(Requirement): A word-for-word copy of the listing is required, and it must contain no pictures.

(Collected material Opens)

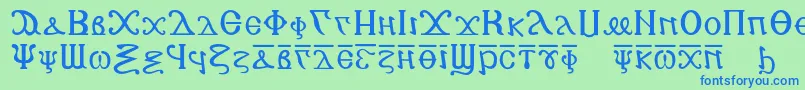 フォントCopticalphabet – 青い文字は緑の背景です。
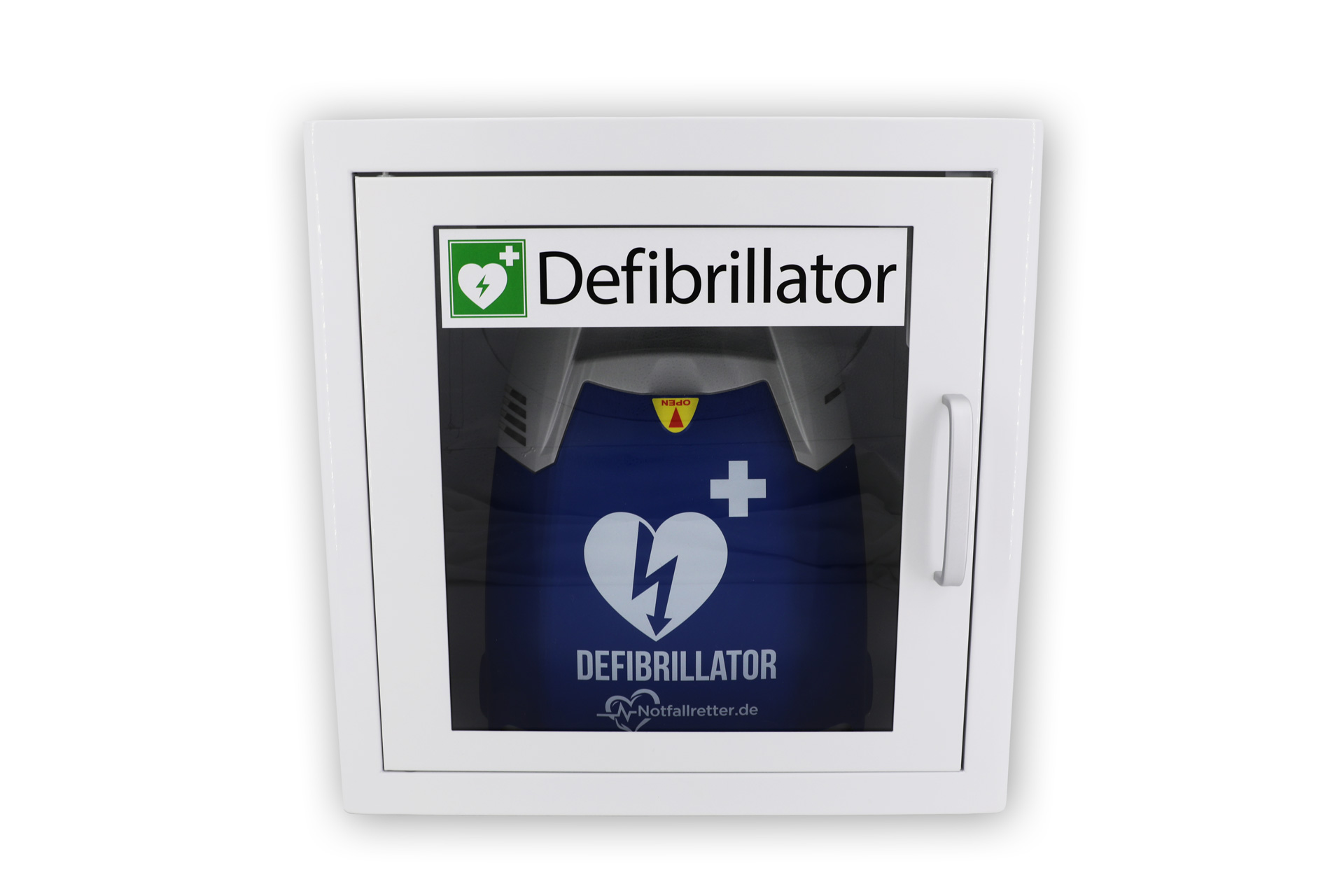 Metall-Wandschrank ohne Alarm für Defibrillator AED mit Kunststoffschauglas und Alugriff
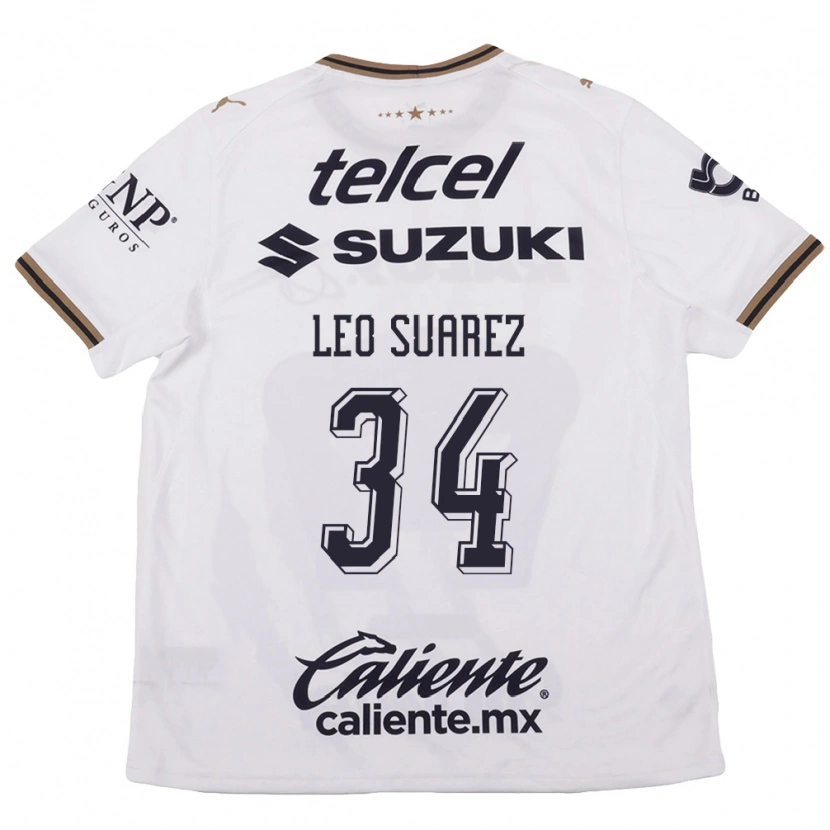 Danxen Børn Leo Suárez #34 Hvid Sort Brun Udebane Spillertrøjer 2026/27 Trøje T-Shirt
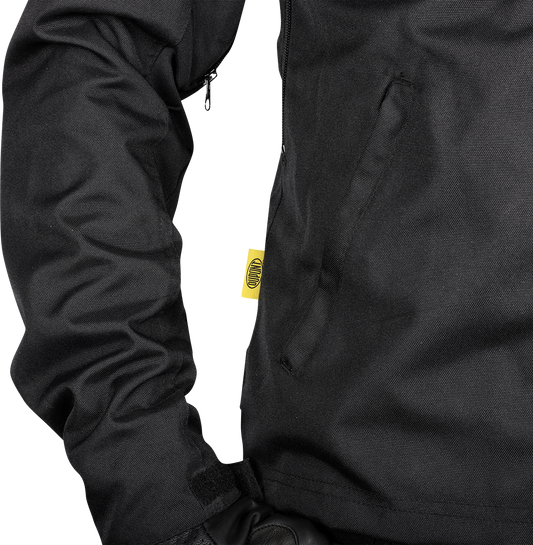 Black Atlas v2 riding jacket by THRASHIN SUPPLY CO. in 2XL size, featuring durable fabric and stylish design.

(Collected material Closes)

(Exercise result):
 フォントCopticalphabet – 青い文字は緑の背景です。
 Metall-Wandschrank ohne Alarm für Defibrillator AED mit Kunststoffschauglas und Alugriff
 Danxen Børn Leo Suárez #34 Hvid Sort Brun Udebane Spillertrøjer 2026/27 Trøje T-Shirt
 Black Atlas v2 riding jacket by THRASHIN SUPPLY CO. in 2XL size, featuring durable fabric and stylish design.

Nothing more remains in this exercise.